Another example of my work in NIJ was focused on fear of crime. Fear of crime was causing communities to retreat and not help the police solve predatory crimes and open-air drug dealing. Gangs and drug dealers occupied public parks and mothers and babies refused to go into places where violence was visible daily. In 1982 NIJ awarded the Police Foundation $1,830,534 (a significant amount both then and now) to conduct an 18-month experiment in Newark, New Jersey, and Houston, Texas, to implement a randomized controlled trial examining how police may be able to reduce citizens’ fear of crime. Interestingly, in their March 10 and 14 hearings in 1983, Congress objected to this experiment as a waste of taxpayer dollars. The Washington Post ran a major story quoting congressmen criticizing the director’s decisions to invest in experiments “when everybody knows what to do to reduce the fear of crime is arrest the suspects.” I recall one congressman asserting that for a dime he would tell me how to stop fear of crime. Fortunately, the experiment was funded, and also achieved highly confident results. These results lead to the development of NIJ to develop a community policing strategy that several chiefs then implemented.

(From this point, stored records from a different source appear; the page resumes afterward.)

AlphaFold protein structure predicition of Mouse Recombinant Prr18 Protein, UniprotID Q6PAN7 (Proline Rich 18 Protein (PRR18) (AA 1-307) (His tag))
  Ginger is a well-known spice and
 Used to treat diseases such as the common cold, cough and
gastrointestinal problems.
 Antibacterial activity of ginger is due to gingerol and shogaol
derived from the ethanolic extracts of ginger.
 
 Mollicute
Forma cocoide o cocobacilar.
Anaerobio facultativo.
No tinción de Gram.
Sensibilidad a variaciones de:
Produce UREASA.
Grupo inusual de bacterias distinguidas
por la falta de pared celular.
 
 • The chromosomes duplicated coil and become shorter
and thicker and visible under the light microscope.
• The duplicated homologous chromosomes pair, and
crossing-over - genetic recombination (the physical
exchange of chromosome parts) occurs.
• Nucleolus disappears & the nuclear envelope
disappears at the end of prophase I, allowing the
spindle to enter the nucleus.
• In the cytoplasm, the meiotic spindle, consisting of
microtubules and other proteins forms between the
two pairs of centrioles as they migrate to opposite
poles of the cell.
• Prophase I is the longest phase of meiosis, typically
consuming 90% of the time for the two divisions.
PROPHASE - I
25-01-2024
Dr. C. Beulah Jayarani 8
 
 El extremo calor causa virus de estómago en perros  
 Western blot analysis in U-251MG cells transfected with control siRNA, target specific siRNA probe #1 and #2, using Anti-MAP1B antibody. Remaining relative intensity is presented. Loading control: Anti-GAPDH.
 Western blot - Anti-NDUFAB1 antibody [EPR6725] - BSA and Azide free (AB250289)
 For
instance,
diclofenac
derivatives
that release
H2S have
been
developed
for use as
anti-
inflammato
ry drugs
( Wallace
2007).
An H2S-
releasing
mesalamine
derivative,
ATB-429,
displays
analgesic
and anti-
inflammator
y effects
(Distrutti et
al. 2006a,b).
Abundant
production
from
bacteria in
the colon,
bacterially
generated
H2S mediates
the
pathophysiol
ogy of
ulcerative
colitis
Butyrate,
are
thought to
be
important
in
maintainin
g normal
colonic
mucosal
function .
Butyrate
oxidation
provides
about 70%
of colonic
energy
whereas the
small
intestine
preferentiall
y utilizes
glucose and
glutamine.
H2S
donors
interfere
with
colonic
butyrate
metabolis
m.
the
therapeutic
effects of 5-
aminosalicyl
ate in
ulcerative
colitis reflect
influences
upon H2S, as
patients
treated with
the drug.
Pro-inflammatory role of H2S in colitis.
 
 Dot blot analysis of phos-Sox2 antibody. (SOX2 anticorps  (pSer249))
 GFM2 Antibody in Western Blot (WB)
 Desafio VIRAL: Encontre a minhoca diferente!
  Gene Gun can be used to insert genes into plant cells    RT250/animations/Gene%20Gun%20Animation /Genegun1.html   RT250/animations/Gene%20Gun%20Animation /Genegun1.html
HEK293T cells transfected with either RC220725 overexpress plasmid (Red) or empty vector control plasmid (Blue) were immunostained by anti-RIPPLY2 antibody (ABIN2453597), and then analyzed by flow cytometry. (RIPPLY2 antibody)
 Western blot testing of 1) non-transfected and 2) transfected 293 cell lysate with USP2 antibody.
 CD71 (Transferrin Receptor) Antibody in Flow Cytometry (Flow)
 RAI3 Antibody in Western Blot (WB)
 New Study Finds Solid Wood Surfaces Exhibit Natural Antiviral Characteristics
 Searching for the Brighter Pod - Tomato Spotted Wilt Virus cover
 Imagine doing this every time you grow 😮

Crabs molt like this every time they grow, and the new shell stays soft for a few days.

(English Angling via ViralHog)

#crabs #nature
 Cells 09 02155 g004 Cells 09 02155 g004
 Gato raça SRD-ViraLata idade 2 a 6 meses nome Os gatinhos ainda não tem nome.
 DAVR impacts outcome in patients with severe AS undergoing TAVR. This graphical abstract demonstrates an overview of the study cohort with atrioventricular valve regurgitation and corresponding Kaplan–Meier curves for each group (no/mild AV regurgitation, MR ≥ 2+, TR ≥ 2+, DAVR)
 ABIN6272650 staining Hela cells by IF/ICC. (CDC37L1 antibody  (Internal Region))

Finally, under my tenure the NIJ supported the Minneapolis Hot Spots Patrol experiment by Sherman and Weisburd. This hot spots experiment challenged the Kansas City preventative patrol experiment by showing that when police target crime concentrations, they can significantly reduce and deter crime at those locations. The Kansas City preventative patrol study did not use rigorous experimental methods, and instead tested police presence generally, and not where crime was concentrated. This study has become a landmark study for police deployment, showing that when police concentrate their resources where crime occurs, they can make a difference.

Through my experiences, I know that social scientists and police officers can work together to make a difference in the quality of life in our communities. The development of evidence-based policing was really implemented in new ways at the National Institute of Justice. We were inspired by the lack of evidence (Martinson) and the need for better policing methods (President’s Commission on Law Enforcement) that could be justified by science.

I share the Distinguished Achievement Award presented to me by George Mason University’s Center for Evidence-Based Crime Policy with so many police chiefs and scholars who helped me and accepted the risks of pushing experimental research into new areas where more informed policies were and are desperately needed. Today I continue this work with the Bureau of Justice Assistance’s Smart Policing Initiative, which teams police agencies with researchers and other justice-supported programs to make an impact. I applaud the work the CEBCP is doing to promote evidence-based policing and also celebrate the work of one of its professors, Laurie Robinson, for developing Crimesolutions.gov during her tenure at the Department of Justice. Collectively we have made a real difference, although the fight is far from over in pushing for more of the best evidence on “what works” to prevent crime and recidivism.